Russia is pushing ahead with strategies to make Ukraine less crucial in its bid to dominate Europe’s natural gas market.

Russia’s state-owned gas company Gazprom said on Tuesday that it was moving forward with building the South Stream natural gas pipeline which would get fuel to central and southern Europe without passing through Ukraine.

“South Stream is confidently moving ahead,” Gazprom said in a statement. “Agreements on the laying of the first leg of the pipeline will be signed before the end of March, as well as agreements on the supplies of pipelines for the second leg.”

Currently, about two-thirds of Russia’s gas exports to Europe travel through Ukraine, making the country a key area for Putin’s government to control. The sharp political divide in the country between the pro-European Union and pro-Russian segments of the country sparked worries that gas supplies could be imperiled.

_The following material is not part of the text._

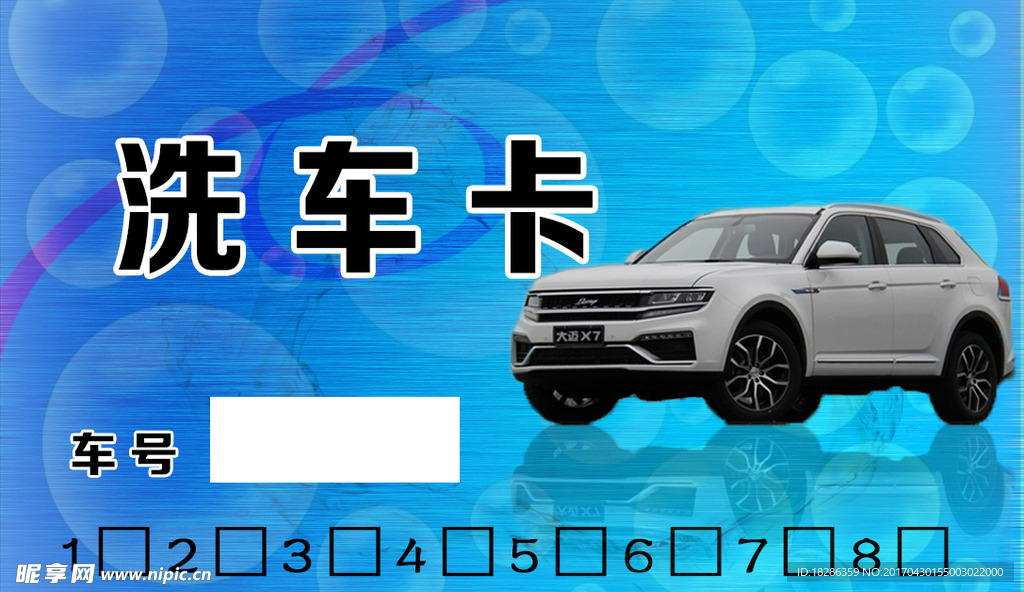 洗车卡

Ukraine owes Gazprom about $1.5 billion in unpaid fuel bills, number made lower by Russian gas subsidies to the country. The Obama administration recently gave Ukraine $1 billion in energy aid (which will pay a substantial portion of the bill), but Europeans are worried that Putin could shut off gas supplies to the country, which could potentially affect the rest of the continent.

Ukraine’s political crisis has showed Europe just how reliant they are on costly Russian natural gas and sparked calls for the U.S. to quickly approve liquefied natural gas export terminals to the EU.

Reuters reports that EU negotiators are pressing the U.S. to include the allowance of natural gas exports to Europe in the pending free trade deal between the two powers. The original treaty did not include energy issues, but the EU is pressing D.C. to consider gas exports in the wake of Russia’s energy dominance.

Adding to EU worries are the prospects of Crimea voting to leave Ukraine and become Russian, taking its valuable offshore oil and natural gas deposits with it and delivering them to Putin’s Gazprom.

Before Ukraine’s government was overthrown, oil and gas companies like Exxon Mobil and Royal Dutch Shell were on the verge of signing a deal with former President Viktor Yanukovych to develop the offshore deposits.

Oil companies were willing to spend $735 million to drill two wells off the Crimean coast but now the projects are in a “legal limbo” reports Bloomberg. If Crimeans vote on March 16 to secede from Ukraine and join Russia, Kiev “may soon no longer have jurisdiction over the region.” Those offshore oil and gas deposits may become the property of Russia and give Gazprom a new supply source.

Julian Lee, an analyst at the Center for the UK’s Global Energy Studies told Bloomberg that “the most interesting exploration areas are all effectively [under] Crimean waters” and that losing these waters “would be a significant loss for Ukraine.”